What you are asked to do — This exercise calls for retyping every line below exactly, with the images omitted.
Dataset extract: Begin
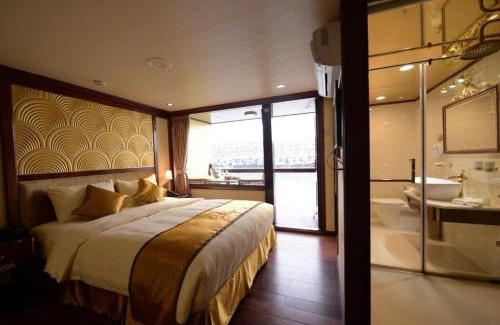 Ha Long Apartment | Golden Cruise luxury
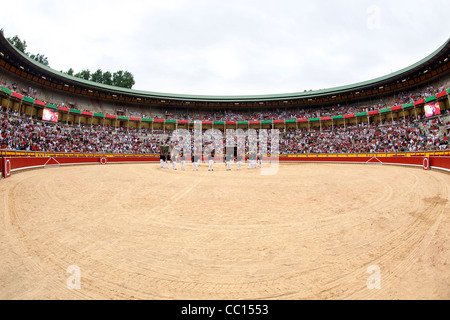 Une bande de divertir les foules dans les arènes pendant le festival de San Fermin (aka la course de taureaux à Pampelune, Espagne). Banque D'Images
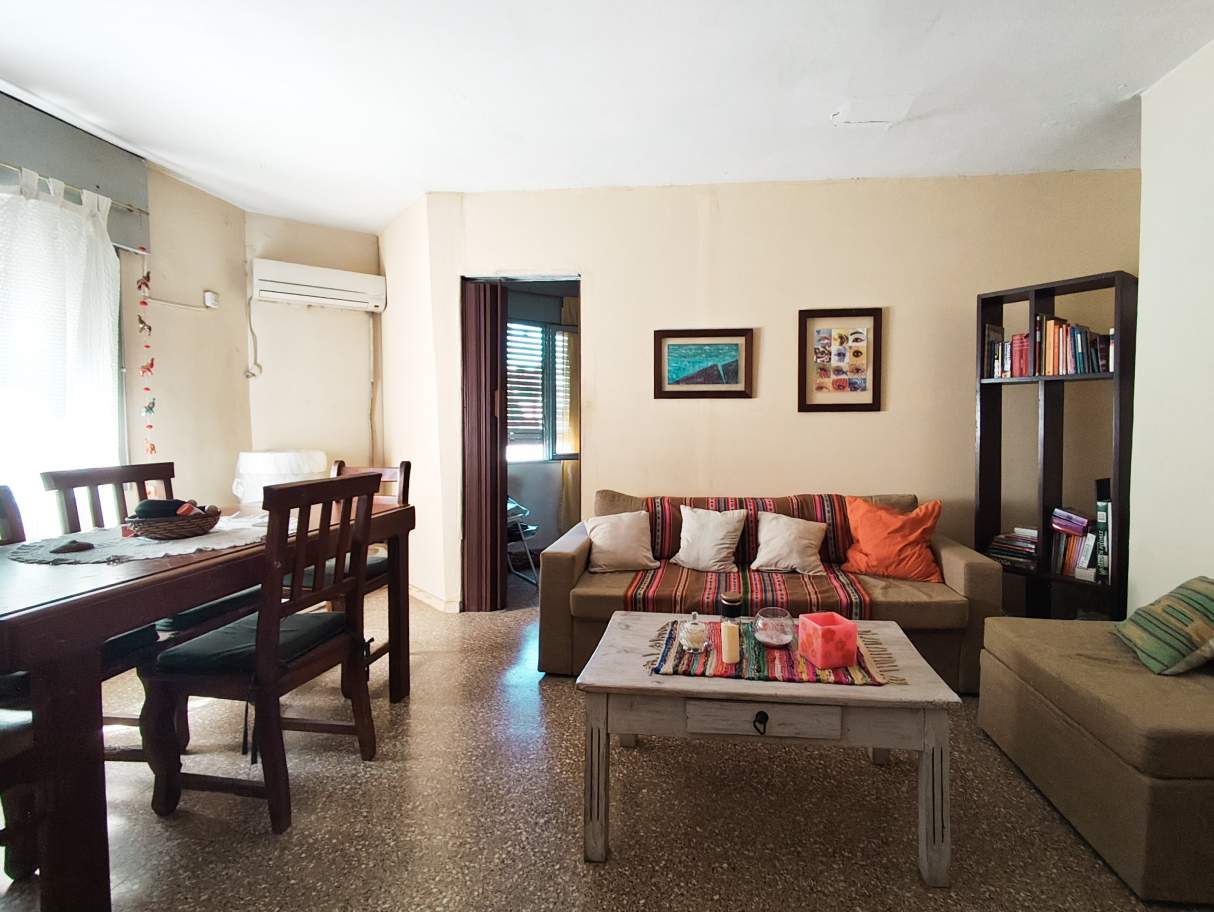 Oportunidad en San Martín: departamento amplio, con escritura y sin expensas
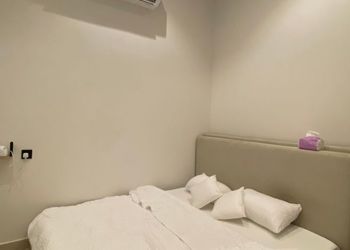 شقة بغرفة معيشة وغرفة نوم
Dataset extract: End
Solution to this problem —
 Ha Long Apartment | Golden Cruise luxury
 Une bande de divertir les foules dans les arènes pendant le festival de San Fermin (aka la course de taureaux à Pampelune, Espagne). Banque D'Images
 Oportunidad en San Martín: departamento amplio, con escritura y sin expensas
 شقة بغرفة معيشة وغرفة نوم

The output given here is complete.